Si bien es comprensible que los amigos de Uribe sigan considerando lo que expresaron en términos airados antes y después del fallo, lo aconsejable es que lo lean y se serenen —al igual que los expresidentes que suscribieron una carta plagada de inexactitudes—, porque no pueden pregonar respeto a las decisiones judiciales y al mismo tiempo denigrar del sistema y de los funcionarios. A estas alturas ya deberían tener aprendido que no se puede convencer a gritos a los jueces, ni menos amenazarlos, porque en eso tienen que intentar no imitar al propio Uribe quien, con su desencajada y brusca declaración del día anterior a la audiencia en la que lo condenaron, dejó en evidencia su ánimo pendenciero porque se entregó a la inútil tarea de agredir hasta a los progenitores de su contraparte.
Ahora los uribistas confirman lo que desde siempre se ha conocido y además consta en los estatutos del Centro Democrático: es un partido de un solo hombre; un mesías, un caudillo inmortal, un monarca sin sucesor, que es en lo que han convertido a Uribe con su visto bueno. Las organizaciones políticas deben ser superiores a sus jefes y subsistir con la fuerza de sus ideas cuando enfrentan situaciones de riesgo prolongado. Si no encuentran en sus filas quien asuma la vocería que hasta ahora ha ejercido Uribe, porque no hay quien lo reemplace o suceda, no hay duda de que ese partido está en problemas y no merecería la credibilidad ni el aplauso de quienes lo han acompañado por años.
Otros países han resistido el deterioro de sus patriarcas y han sostenido sus agrupaciones políticas aun después de destruidas las divinidades que idolatraron.
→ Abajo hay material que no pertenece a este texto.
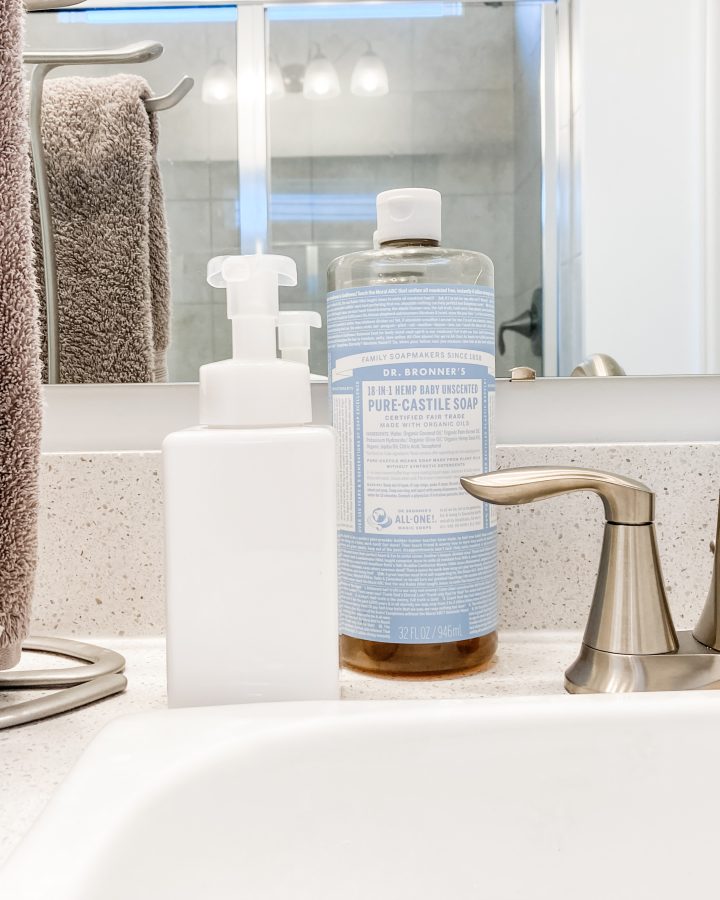 white soap dispenser on bathroom counter next to hanging hand towel and faucet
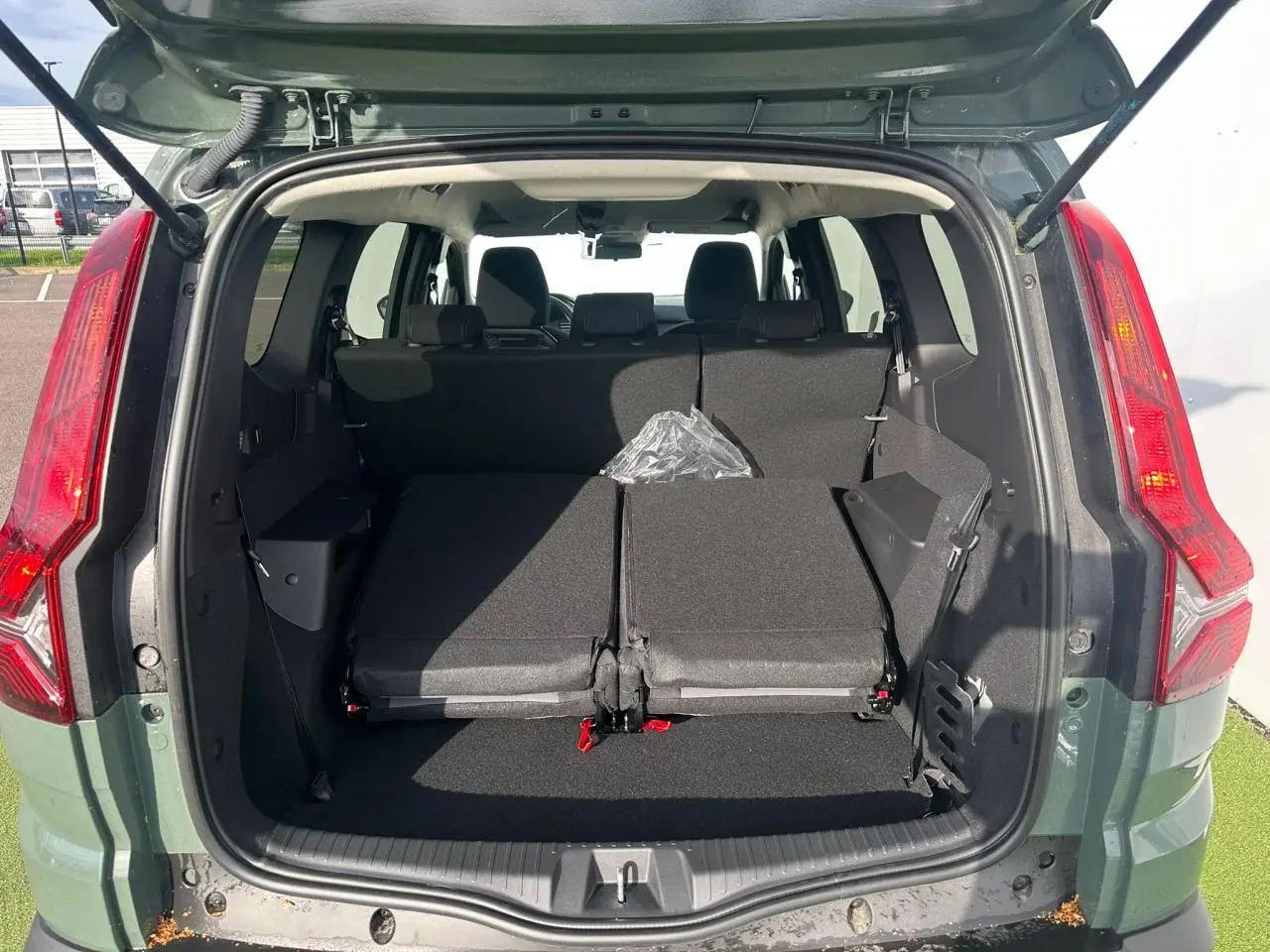 Coffre ouvert vu de l'arrière d'un Dacia Jogger kaki lichen, banquette arrière partiellement rabattue et feux arrière visibles.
Por ejemplo, Francia al término de la Segunda Guerra condenó a la pena de muerte por traición al mariscal Petain, el vencedor en la Primera Guerra. El “héroe de Verdum” negoció un armisticio infamante con Hitler y presidió el régimen colaboracionista de Vichy, cayó del pedestal en el que lo habían situado sus compatriotas, pero vivió sus últimos días preso y defenestrado, pero De Gaulle lo salvó de la ejecución porque era un anciano de 90 años.
Los casos abundan. Slobodan Miloševic, el poderoso líder serbio, condenado por crímenes de guerra, murió en una celda del Tribunal de la Haya. En Latinoamérica es icónico el reciente episodio de Alberto Fujimori quien, de salvador de la patria por haber aniquilado al grupo terrorista Sendero Luminoso, terminó condenado por violar los derechos humanos y corrupción, entre otros graves delitos, quien estuvo prácticamente detenido hasta el final de sus días. El dictador Pinochet, alabado y endiosado en su tiempo por los momios chilenos, acabó mal desde cuando el juez español Baltazar Garzón lo humilló deteniéndolo en Londres —suceso que ha dejado magistralmente relatado el escritor Philippe Sands en su último libro Calle Londres 38— y luego en su país cuando se descubrieron sus cuantiosas cuentas en el Banco Riggs repletas de dólares mal habidos.
Por supuesto, Uribe no ha sido condenado por traición, ni por robar, ni por los variados delitos que sepultaron a varios de sus colegas, y ni siquiera por una sentencia definitiva. De manera que, si el uribismo pretende seguir sintonizándose con sus seguidores, no puede ser inferior ante esta dificultad que hoy amenaza a su más preciada reliquia. Y el mismo Uribe tendrá que resignarse a que haya partido sin él y después de él, y que aparezca alguien que tenga autoridad para sucederlo, que por lo pronto no se ve quién pudiera ser.
Adenda No 1. Otro decretazo petrista. Esta vez el “bocazas” ministro Guillermo Alfonso Jaramillo reforma arbitraria e inconstitucionalmente el sistema de salud.
Adenda No 2. Gratitud eterna al rector magnífico Carlos Angulo Galvis, quien hizo de la Universidad de los Andes lo que es hoy. Paz en su tumba.